Конрад зло сплюнул и поднял пистолет. Отряхнул от песка и древесной стружки. Прицелился. Его разрывало от взаимоисключающих желаний, а гневных слов накопилось так много, что они застряли, теснясь, мешая друг другу и не давая произнести ничего вообще. Наказать Блака за дерзость, за то, что он во всем прав, за то, что он по-настоящему хороший человек и единственный не предавший его солдат? Застрелить, чтобы больше не слышать из его уст правды, убить, потому что долг для него важнее любви, прикончить от досады, что он отказался... заниматься сексом с другим мужчиной?
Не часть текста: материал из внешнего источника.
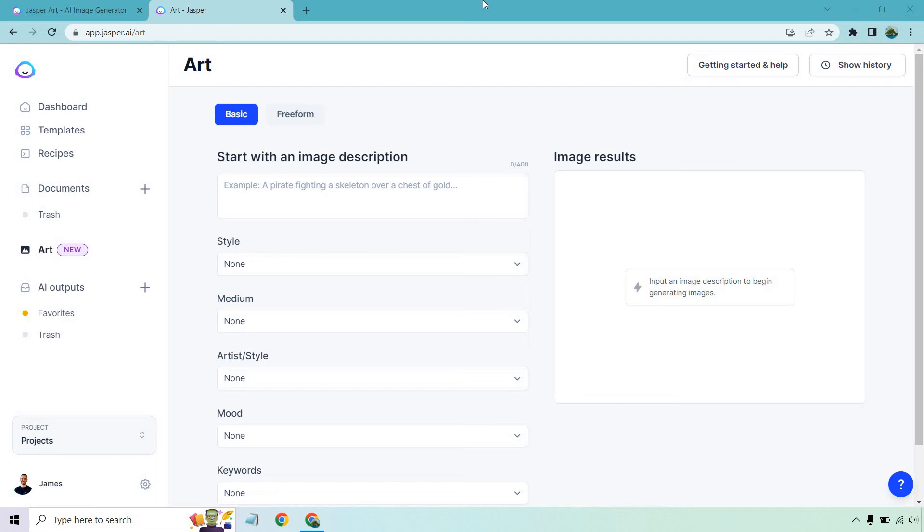Hello and welcome to my Jasper.ai Art tutorial, where I'll show you how this works. Art is the feature they just recently launched, and any Jasper customer can utilize it for $20 a month.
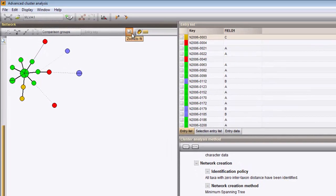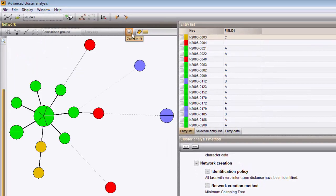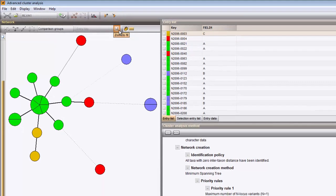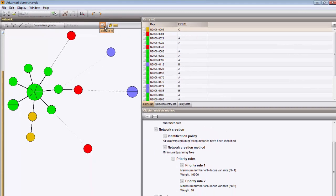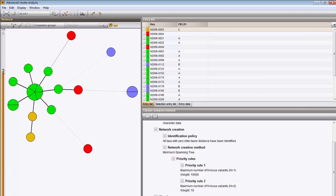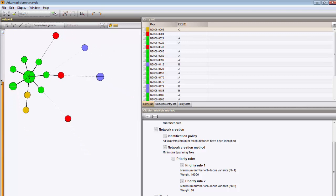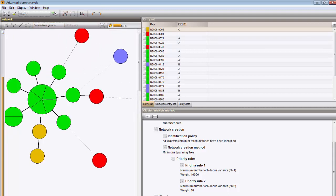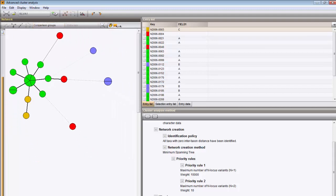The Zoom to Fit button will show the tree optimally scaled in the available window space. The Zoom slider on the left allows further zooming in or out, while the Zoom slider on the top adjusts the size of the nodes.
Или заставить как-то подчиниться... но как? Все зависит от того, хочет ли Блэкхарт умереть на самом деле. Или просто хочет спрятаться от своих чувств, не дать себе воли, потому что гомосексуализм... это плохо? Грязно? Противно? Неестественно?
- А что тогда естественно?! – обронил Фрэнсис, не заметив, что размышляет дальше вслух. – Жить одиноким зверем в берлоге, для которого нет пары? Минотавром в лабиринте, в ожидании, когда придет Тезей и заколет тебя? За что, кстати? За то, что ты внешне безобразный и питаешься человечиной? Тем мясом, которое тебе подбрасывают напуганные жители острова, и которым не приходило в голову покормить тебя чем-нибудь еще?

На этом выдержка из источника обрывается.